Could you repeat the entries below exactly, but only from the line with "Ergonominė kaklo tempimo pagalvė" through the line with "Anime Picture Amnesia", and without any picture?

RECORDS PROVIDED »
---+---
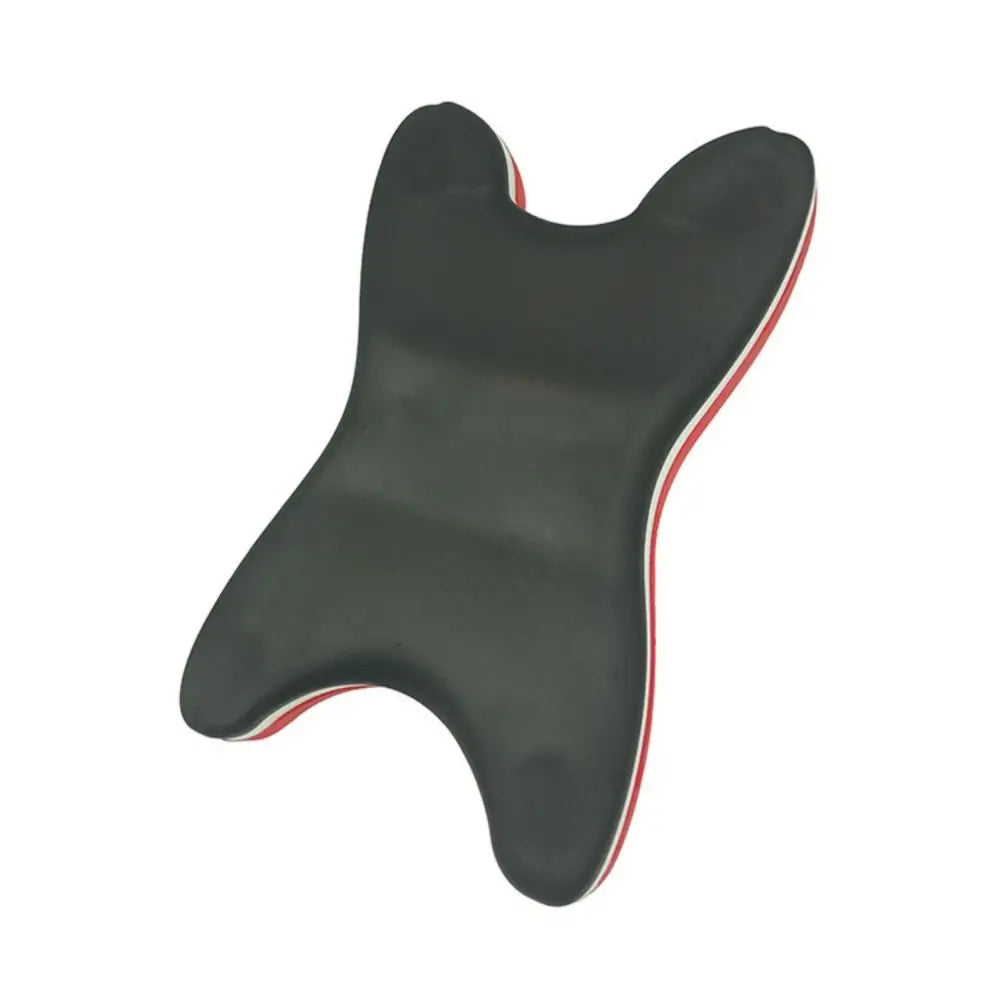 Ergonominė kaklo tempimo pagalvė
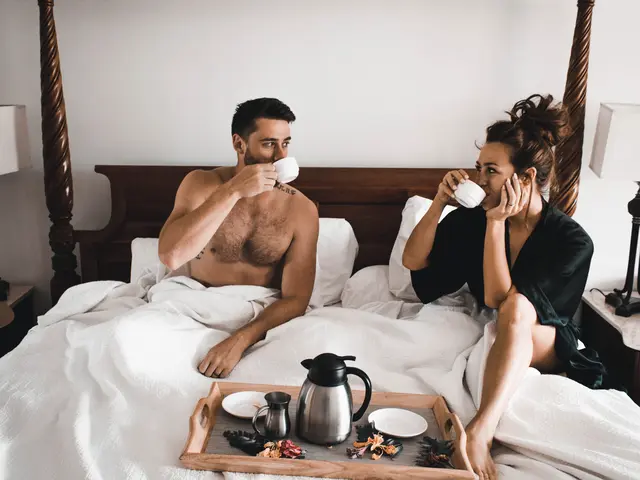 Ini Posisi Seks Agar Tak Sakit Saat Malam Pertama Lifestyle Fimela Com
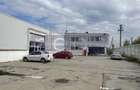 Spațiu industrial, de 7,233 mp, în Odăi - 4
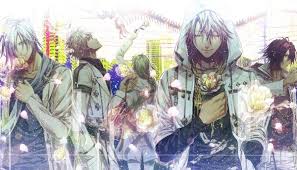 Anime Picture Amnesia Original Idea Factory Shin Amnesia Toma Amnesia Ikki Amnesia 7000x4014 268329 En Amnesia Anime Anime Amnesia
---+---
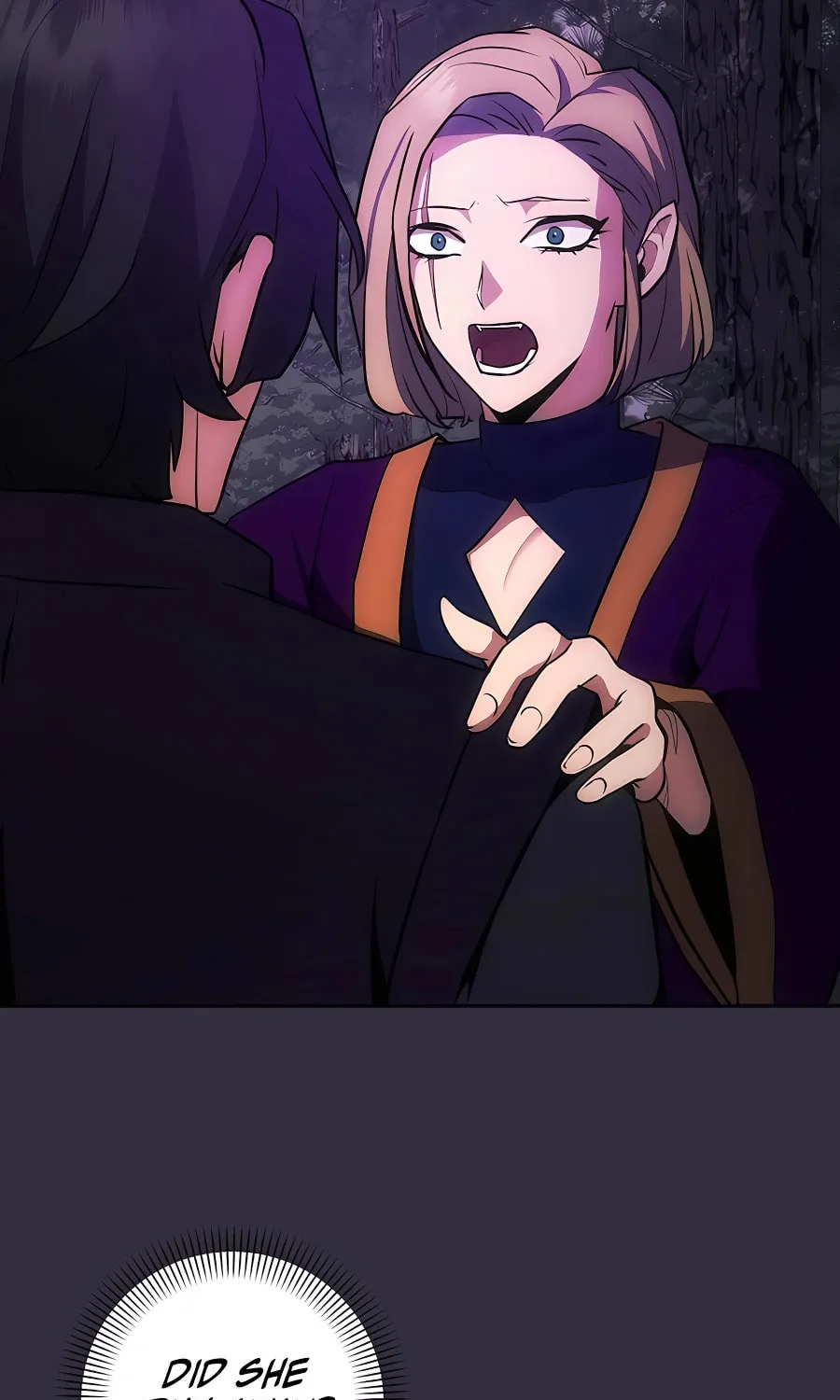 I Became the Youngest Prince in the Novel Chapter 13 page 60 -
---+---
RESPONSE »
 Ergonominė kaklo tempimo pagalvė
 Ini Posisi Seks Agar Tak Sakit Saat Malam Pertama Lifestyle Fimela Com
 Spațiu industrial, de 7,233 mp, în Odăi - 4
 Anime Picture Amnesia Original Idea Factory Shin Amnesia Toma Amnesia Ikki Amnesia 7000x4014 268329 En Amnesia Anime Anime Amnesia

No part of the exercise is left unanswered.